Kisah ini bermula saat Sinur (28) mengetahui ibu tirinya, Misyati, diselingkuhi Ismail. Saat itu Sinur tengah berada di Malaysia bekerja sebagai TKI dan dikabari oleh bibinya, Muna.
Mendengar hal ini, harga diri Sinur merasa tercabik-cabik. Lantas dia pun merencanakan membunuh Ismail, meski harus jauh-jauh pulang kampung. Sesuai rencana, Sinur pulang pada 3 Mei 2013 dan sesampainya di Bandara Juanda, Ismail langsung menuju kampung halamannya di Desa Tebul Timur, Pegantenan, Pamekasan.
Untuk menghilangkan jejak, Sinur bersembunyi di bukit, setelah mengambil celurit di rumahnya terlebih dahulu. Keesokannya, Sinur menuju warung di Jalan Raya Desa Ambender, tempat Ismail biasa nongkrong selepas kerja.
Dan benar saja, Ismail datang dengan mengendarai sepeda motor. Secepat kilat, Sinur melemparkan air keras ke muka Ismail dan Ismail meloncat dari sepeda motornya karena wajahnya kepanasan. Secepat kilat, Sinur membacok Ismail berkali-kali hingga Ismail meninggal dunia.
Setelah itu, Sinur ambil langkah seribu. Namun upayanya digagalkan warga dan dia diamankan polisi. Tidak berapa lama, Sinur diajukan ke pengadilan.
Dalam persidangan, Sinur mengaku melakukan pembunuhan itu semata-mata untuk membela harga dirinya lewat cara carok. Tapi hal itu ditolak majelis hakim.
"Carok itu usai membunuh musuhnya, pelaku tidak kabur, tapi dengan celurit yang masih menempel darah segar, pelaku melapor kepada aparat untuk menyerahkan diri," putus majelis hakim seperti dilansir website Mahkamah Agung (MA), Rabu (30/4/2014).

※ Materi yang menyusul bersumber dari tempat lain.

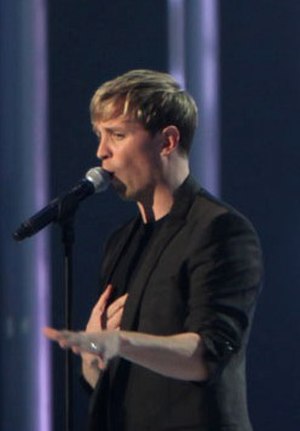 Kian Egan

Karena tidak terbukti carok, Ismail pun dihukum dengan KUHP. Carok sebagai hukum adat di Madura tidak berlaku bagi kasus yang dilakukan Sinur.
"Menjatuhkan hukuman 12 tahun penjara," putus majelis hakim yang terdiri dari Heri Kurniawan, Bambang Setyawan dan Ni Luh Suantini, pada 13 Januari 2014 silam.